The Duke of Burgundy is clearly a Strickland film, using many of the same stylistic means as Berberian Sound Studio, such as genre pastiche, a dreamlike quality in which reality is no longer clearly distinguishable, and a dense, non-representational audio design. At the same time, it is arguably a sweeter film, and definitely a more relatable (though definitely not more mainstream) one, even if it plays in a world that is seemingly devoid of men and in which it is hinted that most if not all people are heavily into butterflies and S&M. It may not be as unsettling as Berberian Sound Studio‘s meta Moebius strip, and I’m sure there will be audiences that prefer the creepy mind games of the earlier film, but in the end I’m a sucker for characters I can care about. (It’s probably why I will always choose Truffaut over Godard.)

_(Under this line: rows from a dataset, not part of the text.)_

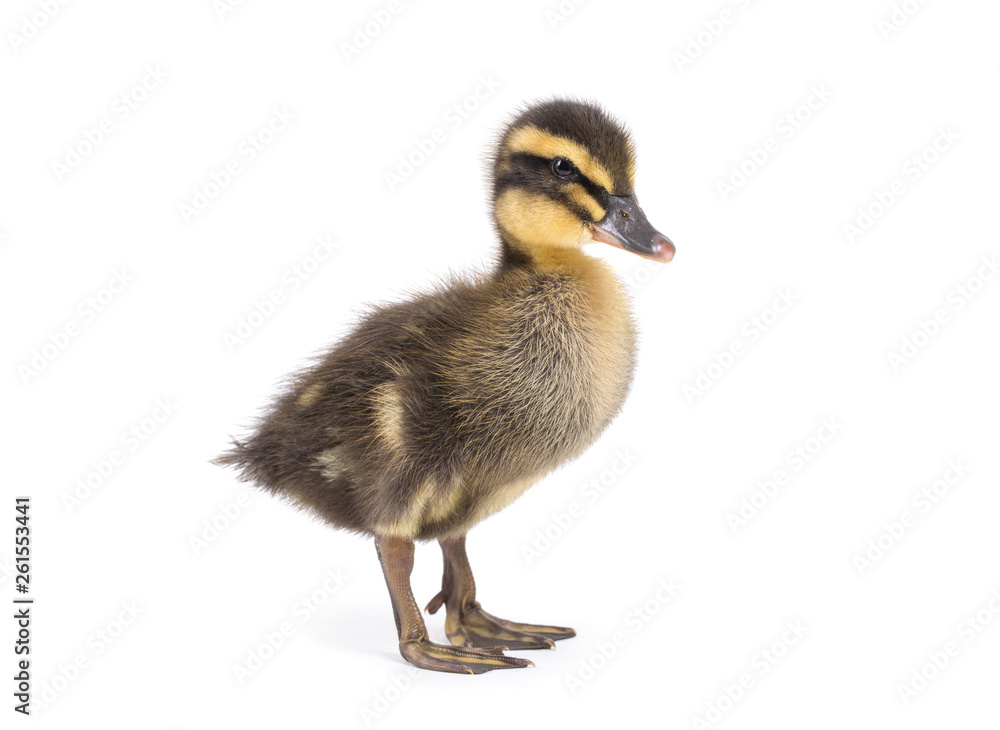 Cute little newborn fluffy duckling. One young duck isolated on a white background. Cute little newborn fluffy duckling. One young duck isolated on a white background.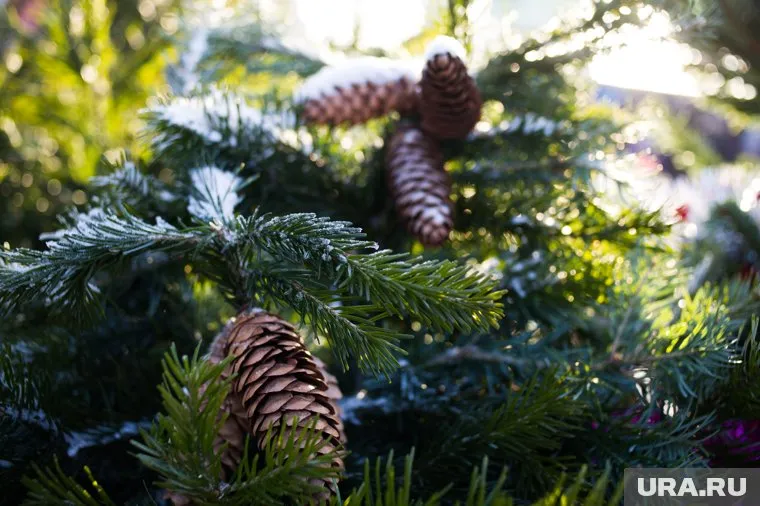 Житель Голышмановского района поссорился с односельчанином и ударил его елкой по голове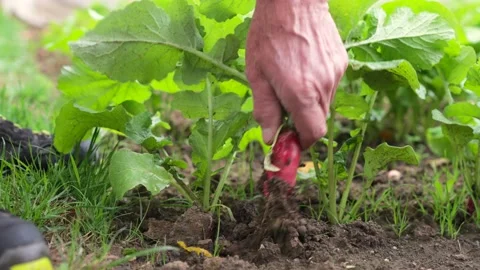 Radish Disrooted Stock Footage 214431739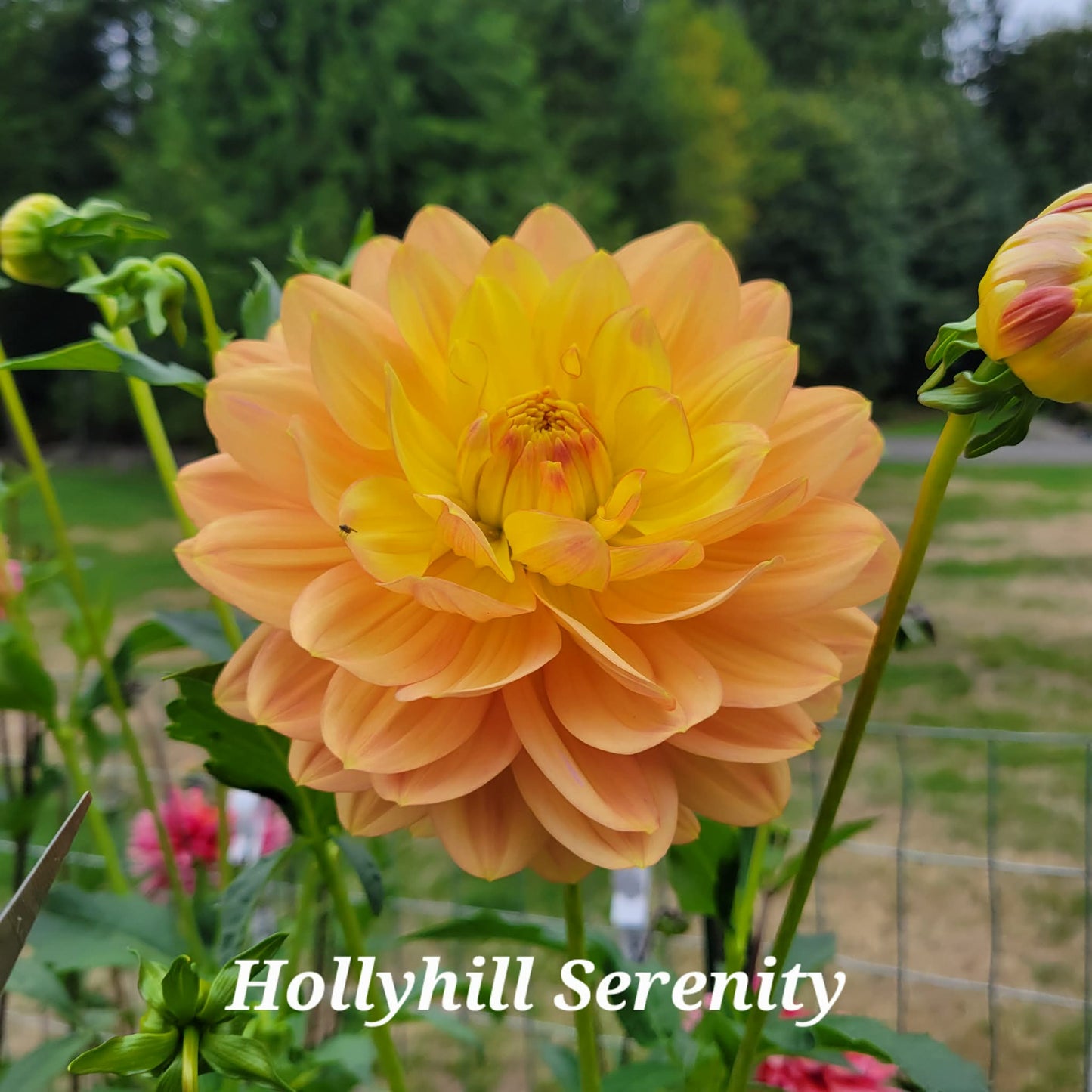 Hollyhill Serenity Dahlia Tuber, (smaller tubers)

In its ’60s-pastiche title sequence and first few scenes, The Duke of Burgundy comes across as similarly distancing and preoccupied with matters of style and atmosphere, as mistress Cynthia (Sidse Babett Knudsen) and maid Evelyn (Chiara D’Anna) introduce us to their routine of dominance and submission. The roles seem to be very clearly distributed, with Evelyn answering to each of Cynthia’s commands and being punished for the most minor, and most likely imaginary, failure to live up to the older woman’s strict standards. Things are not as they seem, though, and in their relationship it is Evelyn who dominates, at least in sexual terms: she scripts Cynthia’s dominant role quite literally, writing out lines for her that Cynthia has to learn by heart, and she criticises her when the details of her performance are lacking in just the right kind of strictness. Cynthia’s dominant performance, meanwhile, belies her insecurity: it is clear that she would enjoy regular sex and the occasional bit of snuggling over the dom-sub much more than this elaborate roleplay in which she is required to be someone she is not, even if it is for the woman she loves.

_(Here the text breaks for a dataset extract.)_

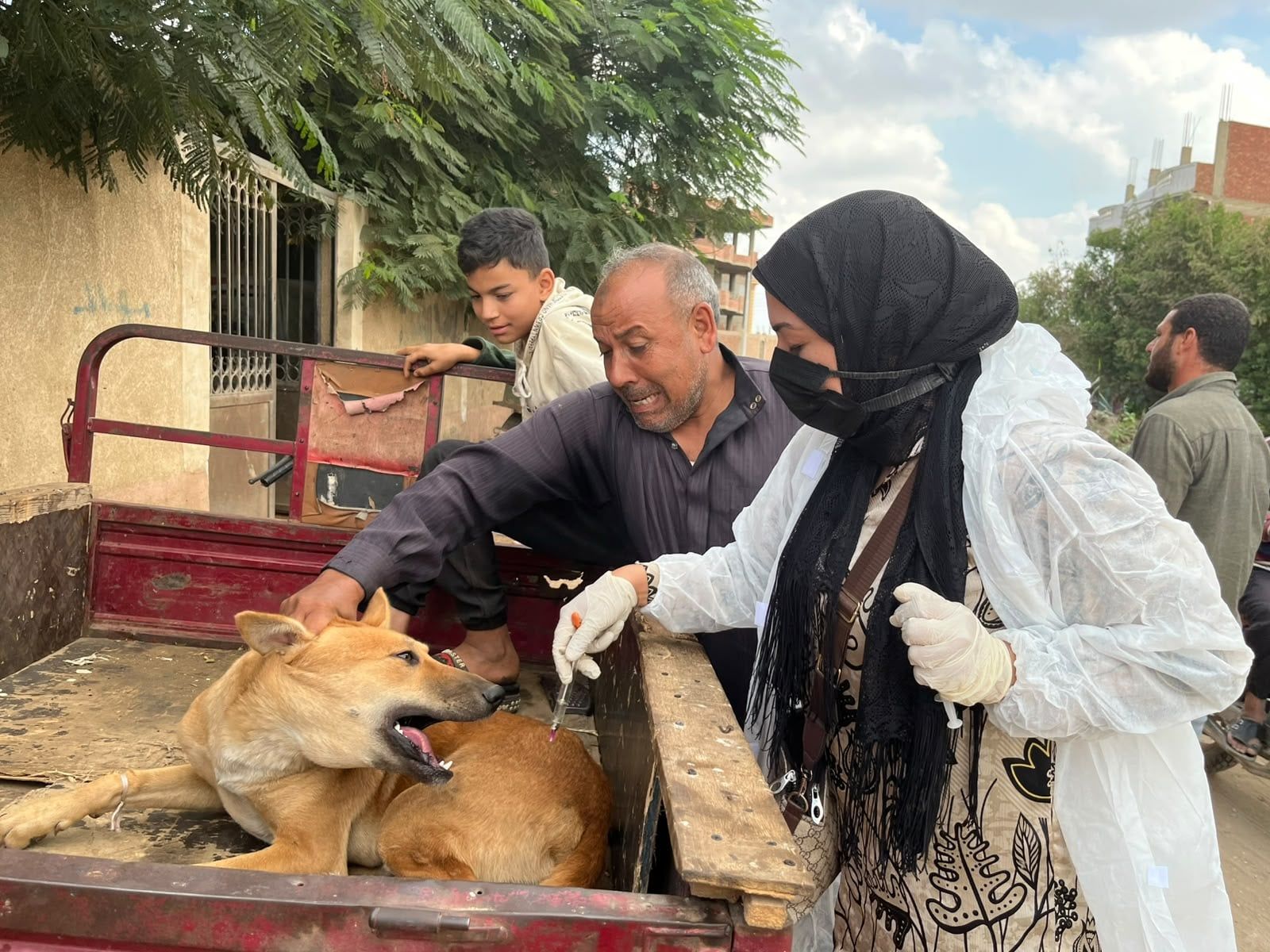 تحصين الكلاب الضالة تحصين الكلاب الضالة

This is where the heart of the film lies: in the tension between what we want ourselves, as partners and as lovers and what we do to please the other. The games of submission and dominance turn more serious, though even as Cynthia and Evelyn become more hurtful towards each other as they begin to feel cornered and constrained by the others’ desires, there is humour, as in a scene where Cynthia is first crestfallen, when she realises that the bed/oubliette combo she wishes to get for her birthday won’t be ready in time, and then elated when she hears that the sexy blonde carpenter may just have something called a ‘human toilet’ on offer. By means of its humour and its two central performances things that would seem outré becomes no stranger than the games even the most vanilla of us play in our relationships. How far are we willing to go to make those we love happy? How quickly can we start to resent them for the compromises we’ve freely chosen to make? At the end of The Duke of Burgundy, we seem to return to the beginning: has the lovers’ hurtful struggle for dominance ended and have they found a balance between each others’ needs that allows them to give each other what they need? Or are they bound to repeat the same mistakes over and over? If so, who will be punished for it – and will they enjoy it?